### TASK BRIEF
The lines running from the one that contains "Avondale, AZ 85323" to the end of the records below are what to reproduce, exactly and without pictures.

Short web captions
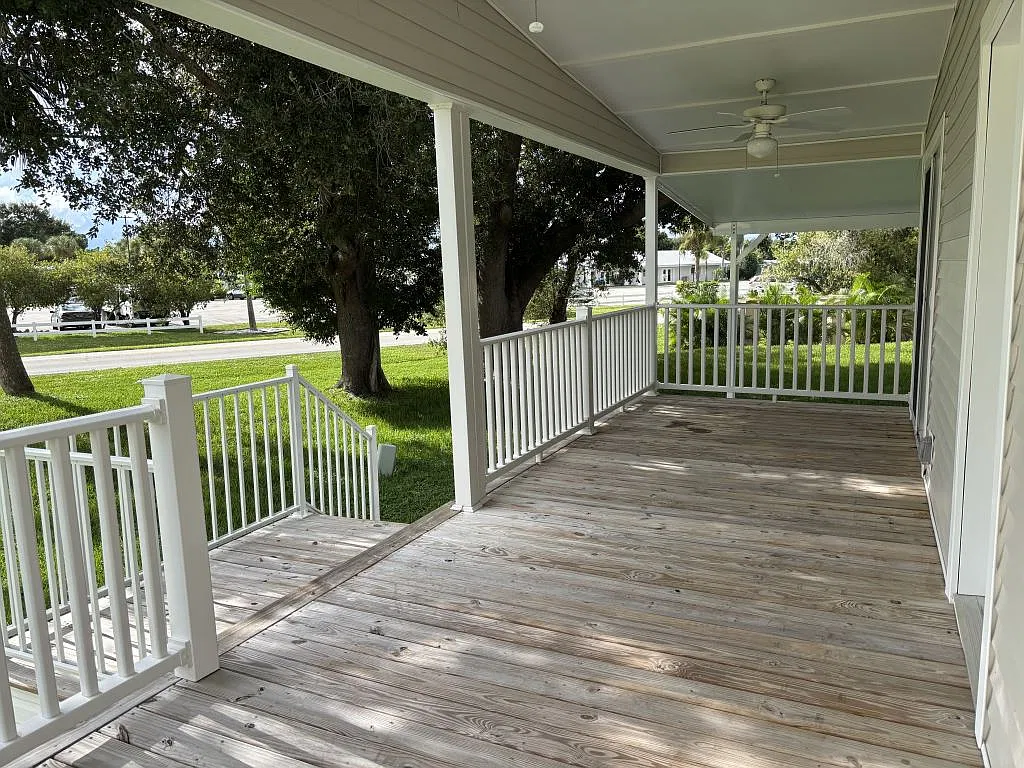 3 bed, 2.0 bath, 1608 sqft, $2,199 — Photo 2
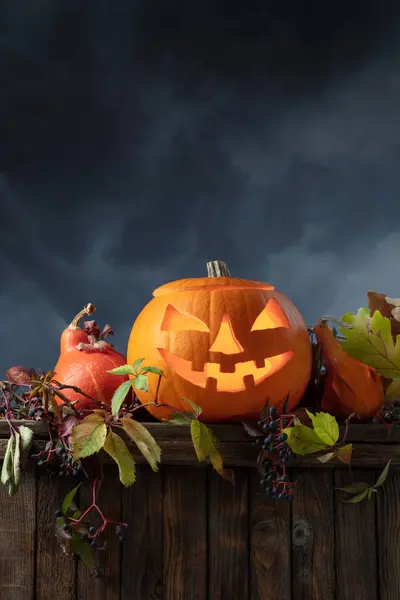 Cabeza Calabaza Halloween Linterna Jack Con Hojas Secas Halloween Vacaciones — Foto de Stock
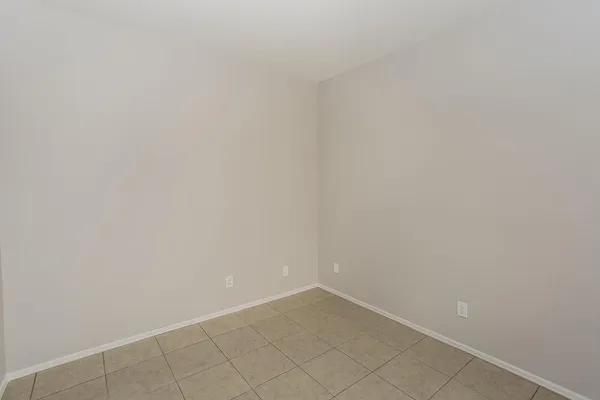 $1,915 | 11722 West Lincoln Street, Avondale, AZ 85323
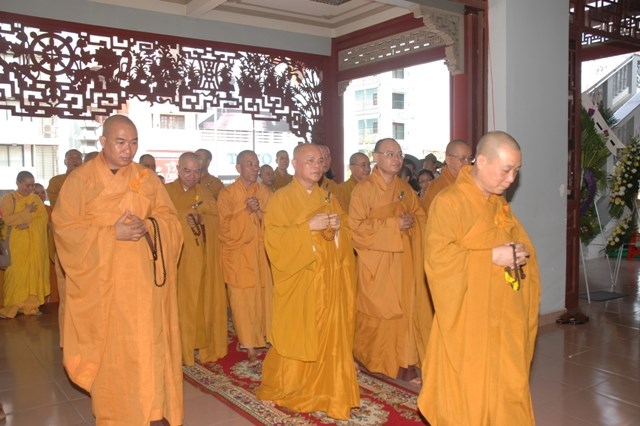 Chùm ảnh sáng ngày thứ 3 tang lễ: TW GHPGVN viếng giác linh ĐLHT. Thích Từ Nhơn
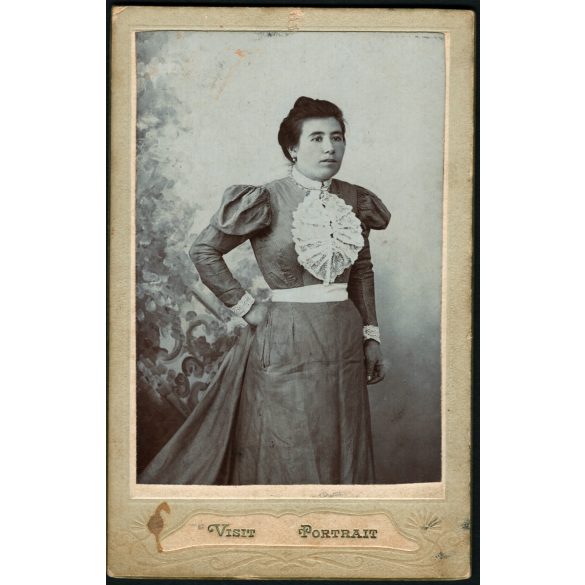Ismeretlen műterem, Magyarország, elegáns nő különös ruhában, monarchia, 1900-as évek, Eredeti CDV, vizitkártya fotó, gyönyörű, ritka hátlappal.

### ANSWER BOX
 $1,915 | 11722 West Lincoln Street, Avondale, AZ 85323
 Chùm ảnh sáng ngày thứ 3 tang lễ: TW GHPGVN viếng giác linh ĐLHT. Thích Từ Nhơn
Ismeretlen műterem, Magyarország, elegáns nő különös ruhában, monarchia, 1900-as évek, Eredeti CDV, vizitkártya fotó, gyönyörű, ritka hátlappal.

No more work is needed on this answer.